** Task instructions **
Output every line from the beginning of the records through the line that contains "Hello everyone, this", exactly as it appears.

§

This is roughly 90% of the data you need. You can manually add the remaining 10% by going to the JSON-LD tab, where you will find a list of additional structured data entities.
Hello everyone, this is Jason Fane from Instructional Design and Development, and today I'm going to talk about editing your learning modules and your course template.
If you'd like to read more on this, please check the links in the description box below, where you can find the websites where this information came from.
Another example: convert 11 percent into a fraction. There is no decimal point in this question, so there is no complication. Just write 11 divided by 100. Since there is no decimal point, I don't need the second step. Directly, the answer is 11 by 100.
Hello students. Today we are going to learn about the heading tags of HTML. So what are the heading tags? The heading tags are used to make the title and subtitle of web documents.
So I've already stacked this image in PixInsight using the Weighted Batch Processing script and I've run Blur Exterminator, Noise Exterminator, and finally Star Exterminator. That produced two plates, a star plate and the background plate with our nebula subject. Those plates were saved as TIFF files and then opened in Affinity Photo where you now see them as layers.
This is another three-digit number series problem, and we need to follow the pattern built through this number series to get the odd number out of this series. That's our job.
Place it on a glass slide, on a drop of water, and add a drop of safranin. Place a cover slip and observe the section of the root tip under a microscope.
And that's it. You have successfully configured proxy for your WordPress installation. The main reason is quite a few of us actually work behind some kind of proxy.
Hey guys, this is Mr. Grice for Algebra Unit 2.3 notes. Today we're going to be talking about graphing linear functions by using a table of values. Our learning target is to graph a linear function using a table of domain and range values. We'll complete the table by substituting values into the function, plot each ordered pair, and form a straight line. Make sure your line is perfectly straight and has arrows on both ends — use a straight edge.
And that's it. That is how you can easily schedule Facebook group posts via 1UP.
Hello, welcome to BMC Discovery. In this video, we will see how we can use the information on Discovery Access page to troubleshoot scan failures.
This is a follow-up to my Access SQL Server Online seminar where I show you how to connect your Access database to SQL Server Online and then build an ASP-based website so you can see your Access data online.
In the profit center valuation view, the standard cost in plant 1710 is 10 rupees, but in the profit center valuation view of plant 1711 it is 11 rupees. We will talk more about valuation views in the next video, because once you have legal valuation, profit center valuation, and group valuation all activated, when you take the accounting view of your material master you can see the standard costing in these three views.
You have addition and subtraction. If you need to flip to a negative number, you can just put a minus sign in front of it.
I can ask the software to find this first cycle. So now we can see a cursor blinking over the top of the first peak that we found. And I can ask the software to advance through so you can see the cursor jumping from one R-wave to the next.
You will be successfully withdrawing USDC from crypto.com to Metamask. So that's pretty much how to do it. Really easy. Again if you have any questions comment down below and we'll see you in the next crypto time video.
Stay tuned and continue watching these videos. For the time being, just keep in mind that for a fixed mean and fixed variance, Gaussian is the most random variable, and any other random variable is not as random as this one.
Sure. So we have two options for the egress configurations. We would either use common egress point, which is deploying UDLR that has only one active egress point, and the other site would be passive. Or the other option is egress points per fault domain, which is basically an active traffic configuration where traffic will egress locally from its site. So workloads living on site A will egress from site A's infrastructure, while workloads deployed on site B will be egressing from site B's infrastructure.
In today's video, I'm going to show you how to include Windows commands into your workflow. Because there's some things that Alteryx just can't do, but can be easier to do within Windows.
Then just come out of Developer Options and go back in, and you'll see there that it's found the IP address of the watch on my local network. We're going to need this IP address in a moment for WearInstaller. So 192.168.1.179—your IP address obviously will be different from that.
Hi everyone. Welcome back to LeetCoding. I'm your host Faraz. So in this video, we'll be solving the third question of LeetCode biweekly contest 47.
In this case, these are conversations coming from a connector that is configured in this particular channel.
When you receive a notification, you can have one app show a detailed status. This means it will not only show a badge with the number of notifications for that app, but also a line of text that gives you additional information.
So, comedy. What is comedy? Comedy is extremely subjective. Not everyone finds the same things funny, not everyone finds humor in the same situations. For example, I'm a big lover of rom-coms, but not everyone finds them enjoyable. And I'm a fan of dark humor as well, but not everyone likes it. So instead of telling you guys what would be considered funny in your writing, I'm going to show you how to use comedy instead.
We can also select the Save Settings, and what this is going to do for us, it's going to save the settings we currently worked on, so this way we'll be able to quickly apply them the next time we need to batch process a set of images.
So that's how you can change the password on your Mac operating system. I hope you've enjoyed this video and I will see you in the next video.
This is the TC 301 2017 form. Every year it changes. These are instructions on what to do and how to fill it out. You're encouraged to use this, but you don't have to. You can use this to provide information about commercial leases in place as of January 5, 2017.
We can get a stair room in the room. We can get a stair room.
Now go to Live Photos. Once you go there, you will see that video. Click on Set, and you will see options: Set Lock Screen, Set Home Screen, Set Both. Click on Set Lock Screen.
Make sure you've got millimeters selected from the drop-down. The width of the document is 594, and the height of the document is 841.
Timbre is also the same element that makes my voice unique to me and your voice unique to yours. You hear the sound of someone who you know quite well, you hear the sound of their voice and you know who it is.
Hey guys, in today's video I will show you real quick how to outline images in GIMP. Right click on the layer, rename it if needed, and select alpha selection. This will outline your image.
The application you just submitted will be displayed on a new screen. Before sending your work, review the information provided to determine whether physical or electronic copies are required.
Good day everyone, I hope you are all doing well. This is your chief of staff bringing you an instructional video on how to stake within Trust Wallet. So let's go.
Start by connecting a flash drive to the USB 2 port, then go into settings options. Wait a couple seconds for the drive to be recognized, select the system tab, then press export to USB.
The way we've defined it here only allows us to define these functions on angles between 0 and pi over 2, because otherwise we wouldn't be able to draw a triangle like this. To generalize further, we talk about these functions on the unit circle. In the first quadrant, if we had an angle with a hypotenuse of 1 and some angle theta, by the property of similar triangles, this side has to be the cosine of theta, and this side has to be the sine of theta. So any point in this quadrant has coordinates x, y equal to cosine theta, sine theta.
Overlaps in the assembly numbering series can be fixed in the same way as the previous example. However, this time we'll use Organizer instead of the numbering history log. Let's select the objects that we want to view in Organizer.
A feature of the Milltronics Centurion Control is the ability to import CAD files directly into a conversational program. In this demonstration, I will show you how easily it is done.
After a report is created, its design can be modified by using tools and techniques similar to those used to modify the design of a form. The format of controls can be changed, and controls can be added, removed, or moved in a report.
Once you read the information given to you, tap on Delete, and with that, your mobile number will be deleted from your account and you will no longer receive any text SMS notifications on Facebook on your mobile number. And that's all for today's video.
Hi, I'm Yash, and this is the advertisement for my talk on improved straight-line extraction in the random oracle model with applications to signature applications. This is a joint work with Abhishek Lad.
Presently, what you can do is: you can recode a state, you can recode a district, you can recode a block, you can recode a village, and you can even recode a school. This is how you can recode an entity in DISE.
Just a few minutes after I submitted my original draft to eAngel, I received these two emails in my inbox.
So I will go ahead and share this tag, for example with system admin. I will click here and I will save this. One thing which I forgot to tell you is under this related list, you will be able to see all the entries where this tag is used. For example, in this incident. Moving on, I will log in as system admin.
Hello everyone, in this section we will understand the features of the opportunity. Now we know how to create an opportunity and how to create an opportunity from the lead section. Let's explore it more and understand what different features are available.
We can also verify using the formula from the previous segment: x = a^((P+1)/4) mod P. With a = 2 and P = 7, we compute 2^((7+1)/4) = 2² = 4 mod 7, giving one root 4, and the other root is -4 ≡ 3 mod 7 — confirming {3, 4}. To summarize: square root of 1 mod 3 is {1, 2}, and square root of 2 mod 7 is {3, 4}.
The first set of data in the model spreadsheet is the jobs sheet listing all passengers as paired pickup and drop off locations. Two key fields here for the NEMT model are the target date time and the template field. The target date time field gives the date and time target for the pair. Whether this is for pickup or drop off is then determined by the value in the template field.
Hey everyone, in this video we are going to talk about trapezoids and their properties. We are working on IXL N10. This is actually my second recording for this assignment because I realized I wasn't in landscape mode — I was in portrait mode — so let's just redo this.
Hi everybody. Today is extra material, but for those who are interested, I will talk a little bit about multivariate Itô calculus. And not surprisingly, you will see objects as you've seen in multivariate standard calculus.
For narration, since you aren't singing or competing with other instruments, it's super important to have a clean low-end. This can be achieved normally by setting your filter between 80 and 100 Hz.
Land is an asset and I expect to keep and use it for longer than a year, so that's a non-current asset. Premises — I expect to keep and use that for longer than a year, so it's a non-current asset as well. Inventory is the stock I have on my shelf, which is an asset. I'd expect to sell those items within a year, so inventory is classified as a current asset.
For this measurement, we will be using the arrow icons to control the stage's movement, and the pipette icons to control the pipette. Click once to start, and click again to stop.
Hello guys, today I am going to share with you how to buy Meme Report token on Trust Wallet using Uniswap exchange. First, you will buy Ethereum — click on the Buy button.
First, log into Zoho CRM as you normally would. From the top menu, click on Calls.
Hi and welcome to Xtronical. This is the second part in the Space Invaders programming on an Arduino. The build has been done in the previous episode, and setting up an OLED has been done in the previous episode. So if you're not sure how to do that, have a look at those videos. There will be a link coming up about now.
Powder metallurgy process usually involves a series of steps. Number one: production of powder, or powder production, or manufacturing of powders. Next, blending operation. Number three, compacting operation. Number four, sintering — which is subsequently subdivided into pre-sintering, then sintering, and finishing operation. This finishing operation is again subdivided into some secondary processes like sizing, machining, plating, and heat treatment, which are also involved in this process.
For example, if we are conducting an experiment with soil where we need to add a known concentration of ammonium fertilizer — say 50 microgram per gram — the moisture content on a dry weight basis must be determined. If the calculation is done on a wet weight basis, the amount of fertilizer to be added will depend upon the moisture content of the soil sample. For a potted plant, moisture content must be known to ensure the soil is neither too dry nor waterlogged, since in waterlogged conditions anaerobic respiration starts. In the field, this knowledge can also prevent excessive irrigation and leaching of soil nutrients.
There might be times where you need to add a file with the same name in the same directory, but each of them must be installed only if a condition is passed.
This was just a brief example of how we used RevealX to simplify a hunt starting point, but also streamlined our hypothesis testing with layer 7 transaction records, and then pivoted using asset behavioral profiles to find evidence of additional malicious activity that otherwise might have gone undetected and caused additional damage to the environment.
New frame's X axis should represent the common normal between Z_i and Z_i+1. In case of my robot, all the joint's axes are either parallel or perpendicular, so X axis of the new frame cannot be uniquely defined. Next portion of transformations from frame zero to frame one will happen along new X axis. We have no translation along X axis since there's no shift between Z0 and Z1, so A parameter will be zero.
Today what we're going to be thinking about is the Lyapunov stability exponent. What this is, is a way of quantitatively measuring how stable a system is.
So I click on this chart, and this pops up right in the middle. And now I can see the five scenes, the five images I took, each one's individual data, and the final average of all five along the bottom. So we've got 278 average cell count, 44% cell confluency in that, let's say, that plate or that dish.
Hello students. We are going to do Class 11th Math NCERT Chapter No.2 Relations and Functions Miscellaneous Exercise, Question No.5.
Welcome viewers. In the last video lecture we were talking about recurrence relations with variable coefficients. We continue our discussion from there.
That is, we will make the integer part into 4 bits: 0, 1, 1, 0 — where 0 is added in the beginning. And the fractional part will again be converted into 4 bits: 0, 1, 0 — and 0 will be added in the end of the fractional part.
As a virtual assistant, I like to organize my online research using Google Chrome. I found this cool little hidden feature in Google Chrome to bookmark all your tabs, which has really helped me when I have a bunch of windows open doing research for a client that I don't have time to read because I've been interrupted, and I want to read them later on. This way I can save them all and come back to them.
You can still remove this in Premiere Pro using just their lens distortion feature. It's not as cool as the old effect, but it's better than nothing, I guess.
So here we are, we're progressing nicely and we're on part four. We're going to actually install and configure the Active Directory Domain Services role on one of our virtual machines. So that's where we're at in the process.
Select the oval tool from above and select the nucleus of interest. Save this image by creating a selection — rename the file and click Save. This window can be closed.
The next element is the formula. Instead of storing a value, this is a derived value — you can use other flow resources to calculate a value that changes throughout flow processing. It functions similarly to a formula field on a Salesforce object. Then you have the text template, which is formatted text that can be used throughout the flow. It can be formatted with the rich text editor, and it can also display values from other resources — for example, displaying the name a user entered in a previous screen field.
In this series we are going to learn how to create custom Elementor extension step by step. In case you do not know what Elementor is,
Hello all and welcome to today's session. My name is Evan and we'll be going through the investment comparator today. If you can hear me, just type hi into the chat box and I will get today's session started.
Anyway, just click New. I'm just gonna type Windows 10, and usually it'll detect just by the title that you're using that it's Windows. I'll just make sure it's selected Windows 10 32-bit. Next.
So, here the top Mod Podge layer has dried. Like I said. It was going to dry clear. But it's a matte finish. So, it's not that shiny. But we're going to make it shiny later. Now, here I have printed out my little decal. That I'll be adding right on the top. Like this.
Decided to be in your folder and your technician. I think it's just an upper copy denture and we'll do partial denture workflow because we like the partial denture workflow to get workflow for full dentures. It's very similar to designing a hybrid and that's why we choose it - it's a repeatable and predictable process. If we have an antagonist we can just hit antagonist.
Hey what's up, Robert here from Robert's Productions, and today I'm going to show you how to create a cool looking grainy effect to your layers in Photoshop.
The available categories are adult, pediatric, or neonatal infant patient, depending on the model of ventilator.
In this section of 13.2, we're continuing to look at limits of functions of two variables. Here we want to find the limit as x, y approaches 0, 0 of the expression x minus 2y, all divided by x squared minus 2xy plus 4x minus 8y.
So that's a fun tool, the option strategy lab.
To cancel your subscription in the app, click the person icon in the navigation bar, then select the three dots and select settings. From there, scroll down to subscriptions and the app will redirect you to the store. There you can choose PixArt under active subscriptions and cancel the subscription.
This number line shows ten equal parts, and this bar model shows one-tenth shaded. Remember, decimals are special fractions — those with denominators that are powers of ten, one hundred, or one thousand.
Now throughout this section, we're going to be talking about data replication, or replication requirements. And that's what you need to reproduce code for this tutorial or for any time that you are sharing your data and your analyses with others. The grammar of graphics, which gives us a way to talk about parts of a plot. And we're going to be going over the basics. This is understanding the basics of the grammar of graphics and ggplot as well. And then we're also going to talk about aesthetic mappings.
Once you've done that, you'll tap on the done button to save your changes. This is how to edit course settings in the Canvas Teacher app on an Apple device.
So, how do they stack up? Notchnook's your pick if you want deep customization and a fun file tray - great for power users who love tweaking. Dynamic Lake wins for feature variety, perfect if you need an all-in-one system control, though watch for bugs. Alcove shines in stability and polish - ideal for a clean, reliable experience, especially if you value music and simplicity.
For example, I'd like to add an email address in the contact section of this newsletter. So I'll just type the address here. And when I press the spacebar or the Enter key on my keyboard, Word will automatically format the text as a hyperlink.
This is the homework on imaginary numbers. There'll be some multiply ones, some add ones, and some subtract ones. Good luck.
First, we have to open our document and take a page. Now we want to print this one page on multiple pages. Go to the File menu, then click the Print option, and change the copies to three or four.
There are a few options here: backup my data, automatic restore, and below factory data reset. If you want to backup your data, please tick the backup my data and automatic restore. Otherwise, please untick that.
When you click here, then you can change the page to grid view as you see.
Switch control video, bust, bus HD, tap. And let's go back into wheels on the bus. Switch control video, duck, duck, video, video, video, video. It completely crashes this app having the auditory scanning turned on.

§

** Solution to this exercise **
This is roughly 90% of the data you need. You can manually add the remaining 10% by going to the JSON-LD tab, where you will find a list of additional structured data entities.
Hello everyone, this is Jason Fane from Instructional Design and Development, and today I'm going to talk about editing your learning modules and your course template.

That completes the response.